Do I need acoustic foam in my listening room?


I'm buying a new house and plan to build a listening room in the basement. The room will be (approximately) 14 feet wide and 16 feet deep with an 8 foot ceiling. There will be carpet on the floor and the room will be closed in with French doors on one side.

The speakers will be sitting close to 3 feet from the front wall and there will be at least 3 feet behind the couch. I have a sub that I place betwen the two speakers.

Will acoustic foam help with the sound? Do I need bass traps? If so, how would you arrange the panels?

Thanks

//jim
spender_1
If this is a dedicated room, almost like an audio studio, use foam. It works best. Other room treatments are compromises intended to look reasonably acceptable in a living room.

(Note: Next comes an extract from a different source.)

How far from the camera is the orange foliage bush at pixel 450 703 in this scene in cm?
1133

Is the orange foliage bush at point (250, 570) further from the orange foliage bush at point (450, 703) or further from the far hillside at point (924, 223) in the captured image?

If you have any freedom to alter room dimensions this would do more good than any tratment. Talk to Rives.
Try to sit more than 3 feet from the back wall. 38% of room length is often the optimum position.

Of course acoustic treatment will help with sound - foam or anything else to absorb. Probably everyone could benefit form treatment in a domestic setting.....the problem is aesthetics and WAF, as heavy acoustic treatments look pretty ugly in most cases, unless you enjoy feeling like you are an extra on a Buck Rogers or Flash Gordon set!
The 2 common types of traps are foam, or rockwool based. The foam is more effective on higher frequency, the rockwool is more dense, and better for lower frequency control.

Try to plot the response of your room before you apply any fix. Adding foam to a room with a really bad low freq spike won't show as much improvement as a real bass trap.

John C.
If you need to buy in bulk, I have found foambymail.com to be an excellent source. They supply foam for all sorts of applications, but they do have an acoustic division that could answer questions.
Lenrd bass traps from Auralex in the front corners will help tremendously in taming the megaphone effect from those areas of your room and will even out the reponse. Also I use the small 2 inch thick 1 foot sq panels on top of my bookcase where noone can see them and I think they help.

In my recording studio I cover about 30% of the walls with 2 inch thick 2 x 4 foot panels and this quiets the ping effect from drywall to a great degree. I am able to obtain good soundstaging while monitoring and that translates well to other playback systems and formats.